Jun 232013
 

Hardly a day goes by without a new review of the Ricoh GR camera appearing, the latest being the one by DPReview. At long last, DPReview has finally acknowledged that Ricoh make superb digital cameras, as anyone with a Ricoh GRD III or GRD IV will attest, and the GR has been duly given a Gold Award.

Ricoh GR camera.

Picture courtesy of erickimphotography.com

Ricoh meisters such as Cristi on One Day, One Picture and Wouter Brandsma have already had the chance to put the new offering from Ricoh through its paces and both are impressed. Check out their websites and you can see why. Street photographer Eric Kim has also thoroughly reviewed the camera, which he annoyingly refers to as the Ricoh GRD V, and gives it a strong recommendation for those photographers wishing to downsize and go for a minimalist approach to street photography. Of course, there is more to the Ricoh GR than just street photography, as Jorge Ledesma so ably points out.

When the Ricoh GR was first announced, it ticked all the boxes for me. Just fractionally larger in size than a Ricoh GRD III but with a 16.2Mp APS-C CMOS sensor with no low-pass filter and a 28mm equivalent f/2.8 lens that is already being hailed as a classic, why wouldn’t it? I placed a pre-order at the beginning of May with B&H and hoped that it would arrive before I left for the UK. Sadly, time ran out and I had to cancel my order.

Availability on this side of the Atlantic is also scare. I have checked several UK Ricoh dealers online, some make no mention of the camera, while others have it listed as a pre-order.

The dilemma I face is whether to put in a pre-order. My financial situation following my recent divorce is healthy in the short term but starting a new life in the UK is going to draw heavily on my limited resources. I need to find an apartment and then furnish it. I don’t have a stick of furniture to my name, not even a knife, fork or spoon.

I also don’t have any income, although that situation could and, hopefully, will change in the future. I would like to think that I could possibly find employment that draws on my expertise and experience but my age could work against me.

Ricoh GRD III. ©Calvin Palmer 2013. All Rights Reserved.

Ricoh GRD III. ©Calvin Palmer 2013. All Rights Reserved.

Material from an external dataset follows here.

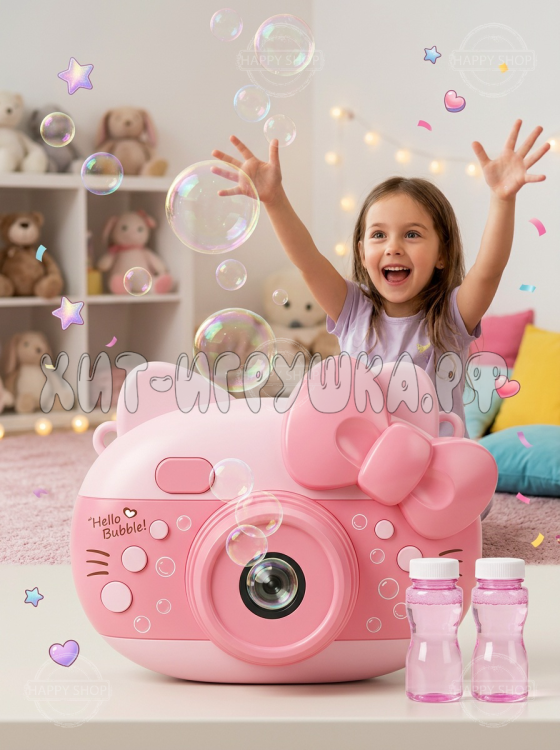 Генератор мыльных пузырей (свет, звук) (ВЫБОР ЦВЕТА) 76-3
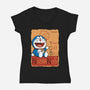 Le Chat Bleu-Womens-V-Neck-Tee-jasesa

I have also discovered that former work colleagues, you know who you are you bastards, have also disowned me and won’t even give me the courtesy of a reply to my emails. As a consequence, my network is not all that I thought it was. Fortunately, some people have a more kindly disposition, strangely enough those who have gone on to higher and better things than those individuals who refuse to acknowledge me could ever dream about, and have agreed to give me a reference should the need arise. People are strange. I guess it takes adversity to remind us all of that fact.

So will the purchase of a Ricoh GR give me a much needed psychological boost or will it be a purchase that I may well regret six months from now if the money runs out and I have to throw myself at the mercy of the state?

I wonder whether I should post this piece on the Leica forum? I would be sure to get a sympathetic ear from Leica owners, don’t you think? The cost of one of the cheaper Leica lenses would keep my head above water for three or four months.

Ricoh GRD III. ©Calvin Palmer 2013. All Rights Reserved.

Ricoh GRD III. ©Calvin Palmer 2013. All Rights Reserved.

It’s a tough call knowing what to do. In the meantime, my Ricoh GRD III continues to give me excellent service, as the photographs above show, which makes the purchase of the Ricoh GR all the more appealing. Also one UK dealer is throwing in a free Ricoh GC-5 leather case, which makes the camera even more tempting.